In addition to this, everyone still remembers the spontaneous demonstration by the people of the capital in 1997, in which local police stations were ransacked and burnt down. That riot could only be put down by using troops. It started at the capital’s central market, and erupted out of a very insignificant incident. Two drunken soldiers were arrested by the police on duty at the market. One of the soldiers appealed to the buyers and sellers for help. Everybody at the market rushed to soldiers’ defense and gave the policemen a beating. Then the discontent of the crowd spilled into the streets of the capital.

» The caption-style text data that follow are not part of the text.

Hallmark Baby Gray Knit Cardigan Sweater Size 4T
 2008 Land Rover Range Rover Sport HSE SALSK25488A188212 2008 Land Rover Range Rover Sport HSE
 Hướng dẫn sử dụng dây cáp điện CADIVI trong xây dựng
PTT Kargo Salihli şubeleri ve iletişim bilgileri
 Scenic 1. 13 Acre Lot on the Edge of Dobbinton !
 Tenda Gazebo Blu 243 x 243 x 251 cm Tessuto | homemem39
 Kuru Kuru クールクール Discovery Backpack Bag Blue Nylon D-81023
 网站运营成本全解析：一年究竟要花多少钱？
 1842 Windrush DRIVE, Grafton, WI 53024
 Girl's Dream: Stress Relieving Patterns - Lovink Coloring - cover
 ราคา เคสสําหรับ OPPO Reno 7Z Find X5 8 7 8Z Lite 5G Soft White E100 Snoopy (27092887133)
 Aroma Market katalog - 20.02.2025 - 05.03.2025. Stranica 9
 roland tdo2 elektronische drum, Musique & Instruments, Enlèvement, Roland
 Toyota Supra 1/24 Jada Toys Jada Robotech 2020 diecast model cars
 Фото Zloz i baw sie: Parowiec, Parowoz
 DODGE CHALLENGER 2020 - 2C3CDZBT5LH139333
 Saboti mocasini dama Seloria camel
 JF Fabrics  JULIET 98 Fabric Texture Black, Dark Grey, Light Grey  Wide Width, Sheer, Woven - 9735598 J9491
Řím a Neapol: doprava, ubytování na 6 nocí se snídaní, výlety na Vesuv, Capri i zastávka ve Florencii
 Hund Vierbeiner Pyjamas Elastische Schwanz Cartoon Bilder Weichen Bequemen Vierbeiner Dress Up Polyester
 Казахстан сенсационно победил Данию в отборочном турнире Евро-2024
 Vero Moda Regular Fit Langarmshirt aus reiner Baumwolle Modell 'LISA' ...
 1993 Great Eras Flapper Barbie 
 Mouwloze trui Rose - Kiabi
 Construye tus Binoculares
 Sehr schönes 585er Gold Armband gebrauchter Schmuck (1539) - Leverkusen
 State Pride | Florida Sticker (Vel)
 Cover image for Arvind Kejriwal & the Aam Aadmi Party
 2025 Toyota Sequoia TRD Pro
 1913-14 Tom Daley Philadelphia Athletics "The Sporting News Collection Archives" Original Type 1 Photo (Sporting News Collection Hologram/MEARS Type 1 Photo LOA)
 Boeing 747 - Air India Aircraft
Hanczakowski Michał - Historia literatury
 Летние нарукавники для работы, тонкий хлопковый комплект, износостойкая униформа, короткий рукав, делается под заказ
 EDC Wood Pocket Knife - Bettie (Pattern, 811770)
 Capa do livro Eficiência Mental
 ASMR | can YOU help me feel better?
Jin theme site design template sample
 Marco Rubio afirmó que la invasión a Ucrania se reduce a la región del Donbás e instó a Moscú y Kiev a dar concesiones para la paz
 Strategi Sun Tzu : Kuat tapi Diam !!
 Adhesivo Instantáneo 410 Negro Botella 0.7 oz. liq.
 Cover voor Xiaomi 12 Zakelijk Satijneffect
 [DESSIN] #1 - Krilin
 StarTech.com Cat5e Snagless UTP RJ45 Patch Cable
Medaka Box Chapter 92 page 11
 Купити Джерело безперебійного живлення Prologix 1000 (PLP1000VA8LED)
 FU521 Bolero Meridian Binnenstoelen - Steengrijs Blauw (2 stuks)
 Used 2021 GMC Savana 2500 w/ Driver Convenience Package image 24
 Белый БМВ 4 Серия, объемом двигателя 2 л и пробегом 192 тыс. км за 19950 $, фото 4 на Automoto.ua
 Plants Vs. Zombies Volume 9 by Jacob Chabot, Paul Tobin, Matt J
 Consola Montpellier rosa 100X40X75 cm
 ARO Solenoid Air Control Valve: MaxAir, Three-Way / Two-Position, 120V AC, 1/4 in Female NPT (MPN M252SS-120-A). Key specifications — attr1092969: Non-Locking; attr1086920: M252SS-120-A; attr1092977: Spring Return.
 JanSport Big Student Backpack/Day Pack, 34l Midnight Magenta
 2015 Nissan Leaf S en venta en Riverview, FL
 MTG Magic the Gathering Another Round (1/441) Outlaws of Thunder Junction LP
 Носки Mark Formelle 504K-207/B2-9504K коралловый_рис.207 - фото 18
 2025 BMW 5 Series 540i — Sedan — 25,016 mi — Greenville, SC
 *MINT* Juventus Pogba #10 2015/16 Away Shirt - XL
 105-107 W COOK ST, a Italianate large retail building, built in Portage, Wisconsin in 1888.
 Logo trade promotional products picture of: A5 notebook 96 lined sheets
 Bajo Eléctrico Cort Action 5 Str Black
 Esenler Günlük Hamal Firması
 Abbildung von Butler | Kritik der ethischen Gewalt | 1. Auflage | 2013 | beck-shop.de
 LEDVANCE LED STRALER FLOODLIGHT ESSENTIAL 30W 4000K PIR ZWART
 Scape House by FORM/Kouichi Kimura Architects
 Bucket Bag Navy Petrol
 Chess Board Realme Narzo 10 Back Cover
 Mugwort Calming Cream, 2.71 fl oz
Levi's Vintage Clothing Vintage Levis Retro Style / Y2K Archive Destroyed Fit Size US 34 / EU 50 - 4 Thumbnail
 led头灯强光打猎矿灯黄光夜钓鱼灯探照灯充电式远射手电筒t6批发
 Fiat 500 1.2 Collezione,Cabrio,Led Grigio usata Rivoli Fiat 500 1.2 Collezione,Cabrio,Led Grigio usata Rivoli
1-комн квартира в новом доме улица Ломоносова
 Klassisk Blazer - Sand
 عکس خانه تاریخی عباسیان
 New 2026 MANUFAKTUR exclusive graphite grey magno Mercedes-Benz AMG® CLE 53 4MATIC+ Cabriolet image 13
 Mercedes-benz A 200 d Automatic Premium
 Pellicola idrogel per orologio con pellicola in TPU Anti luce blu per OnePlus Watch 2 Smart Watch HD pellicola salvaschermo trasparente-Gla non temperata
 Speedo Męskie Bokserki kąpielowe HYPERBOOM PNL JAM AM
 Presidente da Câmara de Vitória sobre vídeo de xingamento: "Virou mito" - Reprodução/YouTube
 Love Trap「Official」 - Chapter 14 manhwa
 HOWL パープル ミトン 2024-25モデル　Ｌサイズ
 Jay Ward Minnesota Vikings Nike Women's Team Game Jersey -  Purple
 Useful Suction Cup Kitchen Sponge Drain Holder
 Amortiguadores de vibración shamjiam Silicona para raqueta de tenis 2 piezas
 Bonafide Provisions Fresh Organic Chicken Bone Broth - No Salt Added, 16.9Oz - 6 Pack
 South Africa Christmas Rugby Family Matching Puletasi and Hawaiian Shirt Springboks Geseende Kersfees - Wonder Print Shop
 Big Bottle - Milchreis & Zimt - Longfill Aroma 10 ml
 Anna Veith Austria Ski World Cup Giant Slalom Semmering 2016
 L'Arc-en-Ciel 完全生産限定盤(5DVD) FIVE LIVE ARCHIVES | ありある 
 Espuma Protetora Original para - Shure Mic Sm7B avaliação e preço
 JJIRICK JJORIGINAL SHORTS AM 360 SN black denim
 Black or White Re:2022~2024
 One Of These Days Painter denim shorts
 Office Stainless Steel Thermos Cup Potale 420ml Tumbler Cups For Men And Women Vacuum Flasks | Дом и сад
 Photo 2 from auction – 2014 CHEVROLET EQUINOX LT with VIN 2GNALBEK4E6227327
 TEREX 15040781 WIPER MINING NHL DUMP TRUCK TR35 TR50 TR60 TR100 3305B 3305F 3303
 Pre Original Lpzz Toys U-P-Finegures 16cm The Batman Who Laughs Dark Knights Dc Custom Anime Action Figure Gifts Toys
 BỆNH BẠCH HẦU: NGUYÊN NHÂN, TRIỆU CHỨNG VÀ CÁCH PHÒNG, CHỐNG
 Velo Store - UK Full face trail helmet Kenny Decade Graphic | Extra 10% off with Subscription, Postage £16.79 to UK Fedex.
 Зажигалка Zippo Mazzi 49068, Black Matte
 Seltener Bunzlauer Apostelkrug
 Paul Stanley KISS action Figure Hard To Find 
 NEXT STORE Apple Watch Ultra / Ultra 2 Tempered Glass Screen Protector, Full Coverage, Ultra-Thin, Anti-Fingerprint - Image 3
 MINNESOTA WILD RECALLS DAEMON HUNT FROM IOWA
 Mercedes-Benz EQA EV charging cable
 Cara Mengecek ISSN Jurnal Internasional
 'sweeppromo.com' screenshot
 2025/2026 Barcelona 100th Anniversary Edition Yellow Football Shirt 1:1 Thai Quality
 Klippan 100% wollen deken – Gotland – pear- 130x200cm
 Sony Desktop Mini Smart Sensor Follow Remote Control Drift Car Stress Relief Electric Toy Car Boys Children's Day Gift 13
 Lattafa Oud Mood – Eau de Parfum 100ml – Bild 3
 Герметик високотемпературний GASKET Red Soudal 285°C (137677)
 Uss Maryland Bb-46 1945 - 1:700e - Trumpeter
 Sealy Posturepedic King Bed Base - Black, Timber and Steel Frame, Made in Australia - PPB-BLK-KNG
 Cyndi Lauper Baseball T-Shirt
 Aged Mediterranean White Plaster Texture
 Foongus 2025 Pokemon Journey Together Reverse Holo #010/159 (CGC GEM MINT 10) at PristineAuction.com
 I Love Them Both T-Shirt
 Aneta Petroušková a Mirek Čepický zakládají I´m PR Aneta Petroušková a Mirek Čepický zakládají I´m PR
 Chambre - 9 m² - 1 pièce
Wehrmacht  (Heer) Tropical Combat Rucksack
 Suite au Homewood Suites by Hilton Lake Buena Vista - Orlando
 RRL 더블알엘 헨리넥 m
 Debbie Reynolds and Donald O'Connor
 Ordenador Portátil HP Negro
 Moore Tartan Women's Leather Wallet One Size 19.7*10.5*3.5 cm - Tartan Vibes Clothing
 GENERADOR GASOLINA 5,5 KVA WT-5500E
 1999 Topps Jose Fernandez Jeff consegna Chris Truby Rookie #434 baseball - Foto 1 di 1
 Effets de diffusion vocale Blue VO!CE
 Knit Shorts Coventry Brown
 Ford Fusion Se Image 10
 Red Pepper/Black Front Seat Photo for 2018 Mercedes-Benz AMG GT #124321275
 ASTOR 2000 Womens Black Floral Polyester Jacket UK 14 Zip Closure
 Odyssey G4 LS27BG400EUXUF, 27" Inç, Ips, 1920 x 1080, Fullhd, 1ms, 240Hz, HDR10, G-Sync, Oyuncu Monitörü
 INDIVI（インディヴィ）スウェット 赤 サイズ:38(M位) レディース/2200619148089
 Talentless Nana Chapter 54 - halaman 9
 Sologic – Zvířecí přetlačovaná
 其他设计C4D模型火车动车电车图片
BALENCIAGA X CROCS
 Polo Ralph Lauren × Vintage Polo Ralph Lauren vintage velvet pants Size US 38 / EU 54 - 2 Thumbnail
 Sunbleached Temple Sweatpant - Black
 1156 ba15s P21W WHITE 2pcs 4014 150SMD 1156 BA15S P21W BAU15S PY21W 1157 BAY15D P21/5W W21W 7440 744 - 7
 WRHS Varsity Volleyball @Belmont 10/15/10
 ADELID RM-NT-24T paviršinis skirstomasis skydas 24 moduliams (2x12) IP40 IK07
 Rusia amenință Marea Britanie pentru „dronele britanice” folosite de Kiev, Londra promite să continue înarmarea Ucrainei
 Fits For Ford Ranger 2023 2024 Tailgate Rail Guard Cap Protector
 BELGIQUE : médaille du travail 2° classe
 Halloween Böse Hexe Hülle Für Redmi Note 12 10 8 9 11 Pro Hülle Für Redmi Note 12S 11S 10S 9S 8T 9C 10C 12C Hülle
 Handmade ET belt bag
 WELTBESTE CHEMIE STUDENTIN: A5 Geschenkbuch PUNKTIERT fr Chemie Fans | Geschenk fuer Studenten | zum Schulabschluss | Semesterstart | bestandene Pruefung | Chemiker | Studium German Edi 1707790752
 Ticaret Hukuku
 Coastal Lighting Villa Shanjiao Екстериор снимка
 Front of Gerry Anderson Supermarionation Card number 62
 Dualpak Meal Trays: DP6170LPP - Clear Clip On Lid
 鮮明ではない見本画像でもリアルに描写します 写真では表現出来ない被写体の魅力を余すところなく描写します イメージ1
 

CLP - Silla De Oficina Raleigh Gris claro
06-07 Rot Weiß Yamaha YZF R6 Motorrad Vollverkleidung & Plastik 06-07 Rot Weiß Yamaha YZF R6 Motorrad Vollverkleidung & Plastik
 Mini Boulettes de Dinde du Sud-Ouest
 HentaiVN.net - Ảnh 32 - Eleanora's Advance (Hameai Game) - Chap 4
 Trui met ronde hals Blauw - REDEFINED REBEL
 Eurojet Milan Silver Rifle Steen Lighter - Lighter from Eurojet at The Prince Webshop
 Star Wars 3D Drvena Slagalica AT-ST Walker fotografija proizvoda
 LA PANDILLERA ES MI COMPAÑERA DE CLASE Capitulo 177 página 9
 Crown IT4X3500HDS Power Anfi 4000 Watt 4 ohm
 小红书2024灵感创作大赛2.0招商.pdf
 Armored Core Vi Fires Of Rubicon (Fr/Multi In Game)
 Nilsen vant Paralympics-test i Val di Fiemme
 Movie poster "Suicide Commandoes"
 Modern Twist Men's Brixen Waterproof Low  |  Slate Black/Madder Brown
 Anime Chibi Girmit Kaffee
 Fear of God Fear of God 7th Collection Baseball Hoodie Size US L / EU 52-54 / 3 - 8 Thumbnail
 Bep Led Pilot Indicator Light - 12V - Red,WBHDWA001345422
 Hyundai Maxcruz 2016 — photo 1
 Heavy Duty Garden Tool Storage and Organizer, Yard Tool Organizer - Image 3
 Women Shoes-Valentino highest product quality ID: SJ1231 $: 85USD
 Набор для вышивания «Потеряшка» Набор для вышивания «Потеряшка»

The representatives of the local authorities remember these events and, while displaying administrative zeal, at the same time they try not to aggravate the market and street traders.

It may be said that until the attack by the Islamic fighters, President Akaev’s regime governed according to Leon Trotsky’s slogan: “Neither war nor peace disband the army.” The army was indeed on the brink of being disbanded. In 1993-94, under pretext of writing off obsolete weapons, Ministry of Defense chiefs sold off military aircraft and small arms to neighboring states. Having lined their pockets doing that, the military leaders lobbied in parliament and the government for the idea that the republic did not need an army. In this absurd way these high-ranking soldiers attempted to conceal their illegal activities. And whenever it could the government tried to withhold funding for the army. As a result the army eked out a meager existence: Soldiers went hungry, officers went for months on end without receiving their pitiful wages. The unexpected raid on the southern borders by IDU fighters dramatically altered the fate of the army. From last year the republic’s leaders began paying it much more attention.

What are the potential repercussions of strengthening the military oligarchy?

After the IDU fighters were pushed out of southern Kyrgyzstan last year, the government began responding quickly to the army’s financial requests. This year, for example, during a month of armed clashes with the fighters, the ministry of defense was allocated 400 million som (US$8 million) in addition to the funds already budgeted for the army. On the one hand, this efficiency on the part of the government is commendable. But on the other hand, there are some factors which give grounds for caution.

There are currently about 4,000 soldiers concentrated in the south of the republic. Most of them are serving on a contractual basis. They are paid 1500 som a month (about US$30). The daily food ration for one soldier costs 26 som.